▶ _Input_:

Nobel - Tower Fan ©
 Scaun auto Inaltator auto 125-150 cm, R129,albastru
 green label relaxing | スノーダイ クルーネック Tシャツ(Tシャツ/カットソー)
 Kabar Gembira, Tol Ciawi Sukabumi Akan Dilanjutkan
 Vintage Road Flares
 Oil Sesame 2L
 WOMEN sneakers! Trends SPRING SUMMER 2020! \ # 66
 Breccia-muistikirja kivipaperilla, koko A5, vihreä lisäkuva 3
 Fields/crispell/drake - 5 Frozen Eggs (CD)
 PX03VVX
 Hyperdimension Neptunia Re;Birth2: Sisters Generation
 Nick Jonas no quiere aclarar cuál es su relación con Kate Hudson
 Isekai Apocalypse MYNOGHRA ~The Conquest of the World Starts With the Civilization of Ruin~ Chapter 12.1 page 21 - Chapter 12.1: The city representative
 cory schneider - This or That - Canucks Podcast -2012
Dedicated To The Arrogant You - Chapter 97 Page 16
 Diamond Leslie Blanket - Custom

▶ _Task_: Sift the material for lines that include the word "Chapter", and copy each one.

▶ _Task answer_:
 Isekai Apocalypse MYNOGHRA ~The Conquest of the World Starts With the Civilization of Ruin~ Chapter 12.1 page 21 - Chapter 12.1: The city representative
Dedicated To The Arrogant You - Chapter 97 Page 16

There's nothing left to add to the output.